Collect comprehensive ROCm profiling data:

{
  "tools": [
    {"name": "rpd"}
  ]
}

Output: ROCm profiler data files (e.g. rpd_output/trace.rpd).

Note: The rpd pre-script installs build dependencies in the container (e.g. nlohmann-json3-dev on Ubuntu) so the rocmProfileData tracer can compile; the first run may take longer while packages are installed.

rocm-trace-lite (RTL) — lightweight kernel dispatch trace

rocm-trace-lite captures GPU kernel dispatch timestamps via HSA runtime interception and writes a SQLite .db file (RPD-compatible). It does not use rocprofiler-sdk or rocprofiler.
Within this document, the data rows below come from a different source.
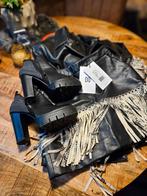 Nikkie jasje, rokje (36) & Le Scarpo boots (40), Kleding | Dames, Schoenen, Zwart, Lage of Enkellaarzen, Ophalen of Verzenden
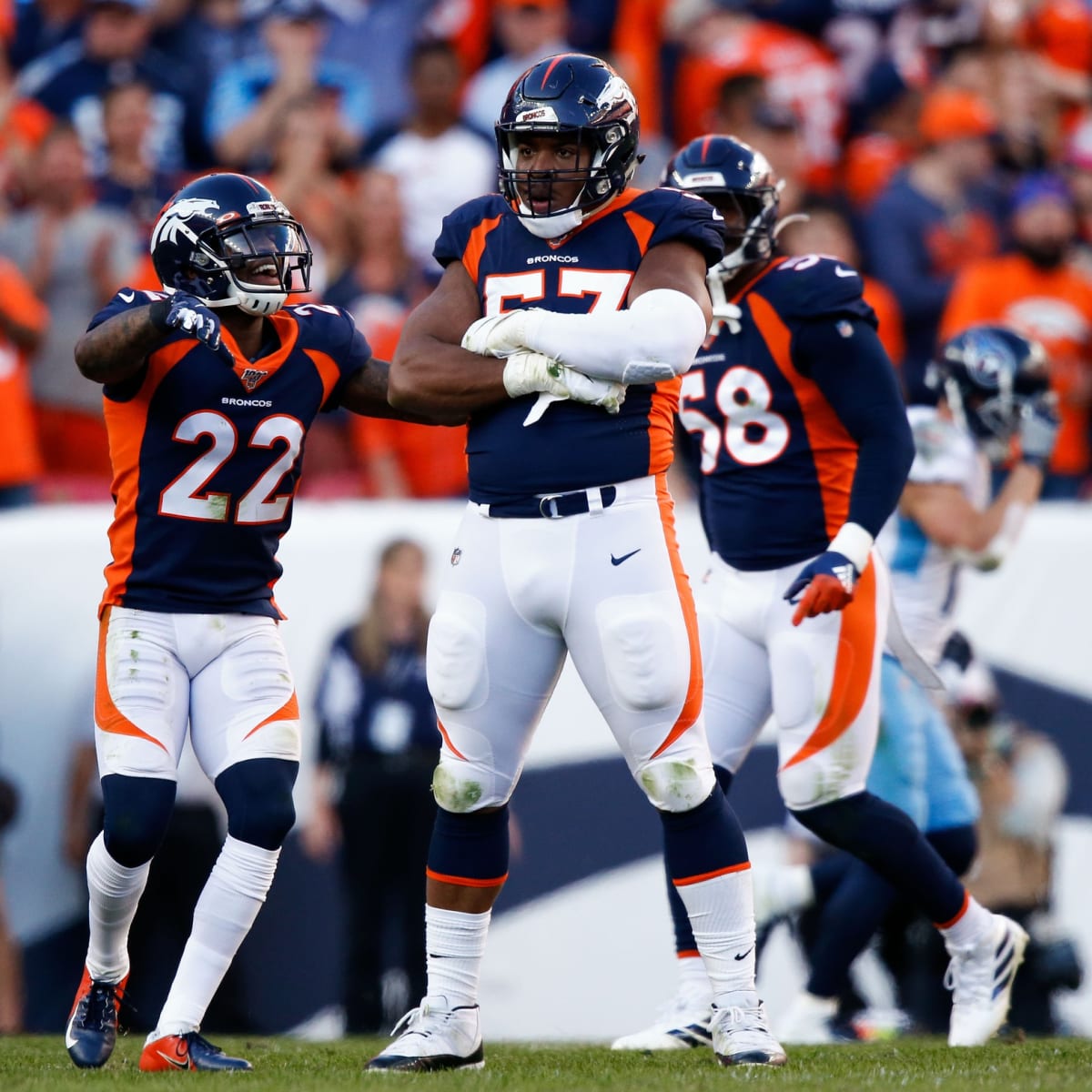 Broncos vs. Titans live blog: Real-time updates from the Week 6 NFL game in  Denver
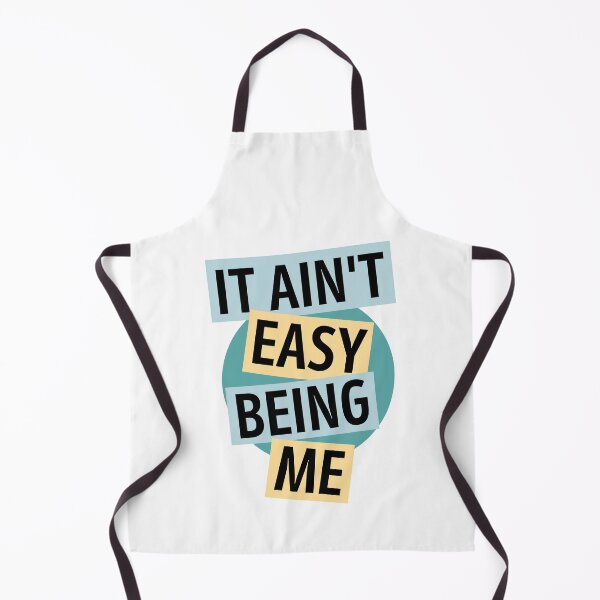 Item preview, It Ain't Easy Being Me designed and sold by Legit Hooligan.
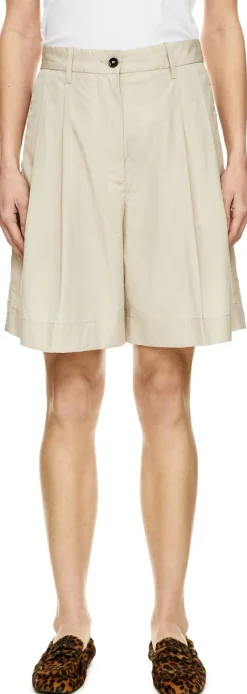 Shorts 'Quarzo' Beige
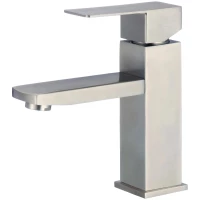 Смеситель для раковины Savol 304 S-SUS1001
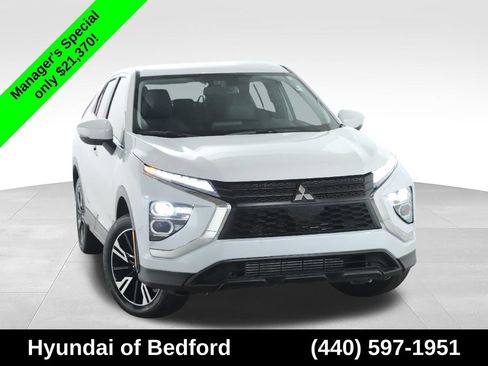 Used 2025 Mitsubishi Eclipse Cross SE AWD/4WD image 1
Use it when you want a low-overhead dispatch timeline without installing the full rocprofv3 stack, or alongside workflows that already rely on RPD-style SQLite.

Do not wrap the same workload with both rocprofv3 (or rocprof via rocprof_wrapper.sh) and rocm_trace_lite / rocm_trace_lite_default in one run: choose one primary GPU profiler.

{
  "tools": [
    {"name": "rocm_trace_lite"}
  ]
}

Use rocm_trace_lite for RTL lite mode (lower overhead; skips some dispatches that already carry a completion signal) or rocm_trace_lite_default for RTL default mode (broader coverage; higher overhead). Both set RTL_MODE for rtl_trace_wrapper.sh, which passes rtl trace --mode <mode> … when supported by your installed rocm-trace-lite. See upstream rocm-trace-lite (--mode / profiling modes). Example: examples/profiling-configs/rocm_trace_lite_default.json.
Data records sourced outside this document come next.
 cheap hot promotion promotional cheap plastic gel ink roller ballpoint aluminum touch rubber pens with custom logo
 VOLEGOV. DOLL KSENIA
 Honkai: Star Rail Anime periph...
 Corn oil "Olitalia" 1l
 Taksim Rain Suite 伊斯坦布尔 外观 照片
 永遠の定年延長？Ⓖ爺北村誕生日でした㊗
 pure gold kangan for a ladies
How madengine runs it: The tool prepends bash ../scripts/common/tools/rtl_trace_wrapper.sh around your model command. The wrapper runs rtl trace with -o rocm_trace_lite_output/trace.db and optional --mode from RTL_MODE (see the RTL quick start). If rtl is not on PATH but the Python package is installed, it falls back to python3 -m rocm_trace_lite.cli.
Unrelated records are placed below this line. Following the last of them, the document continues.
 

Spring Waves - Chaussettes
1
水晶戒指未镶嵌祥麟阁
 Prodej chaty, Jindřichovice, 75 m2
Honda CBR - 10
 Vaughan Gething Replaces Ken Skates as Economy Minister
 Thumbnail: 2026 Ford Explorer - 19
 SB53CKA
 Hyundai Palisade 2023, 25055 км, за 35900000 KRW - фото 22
Installing rocm-trace-lite in the container: Upstream distributes wheels on GitHub Releases, not on PyPI. The trace pre-script (scripts/common/pre_scripts/trace.sh with args rocm_trace_lite) installs via pip from a pinned linux_x86_64 wheel URL by default (reproducible; bump the pin in that script when you intentionally upgrade RTL). To follow upstream’s latest release instead, set ROCM_TRACE_LITE_FOLLOW_LATEST=1 (uses the GitHub API; needs curl). For a specific wheel, set ROCM_TRACE_LITE_WHEEL_URL to the full URL of a .whl file (or bake the package into the image). You need outbound HTTPS to github.com for the default or latest path unless the wheel is already present. Published wheels target linux x86_64; other architectures require a compatible wheel and the env override.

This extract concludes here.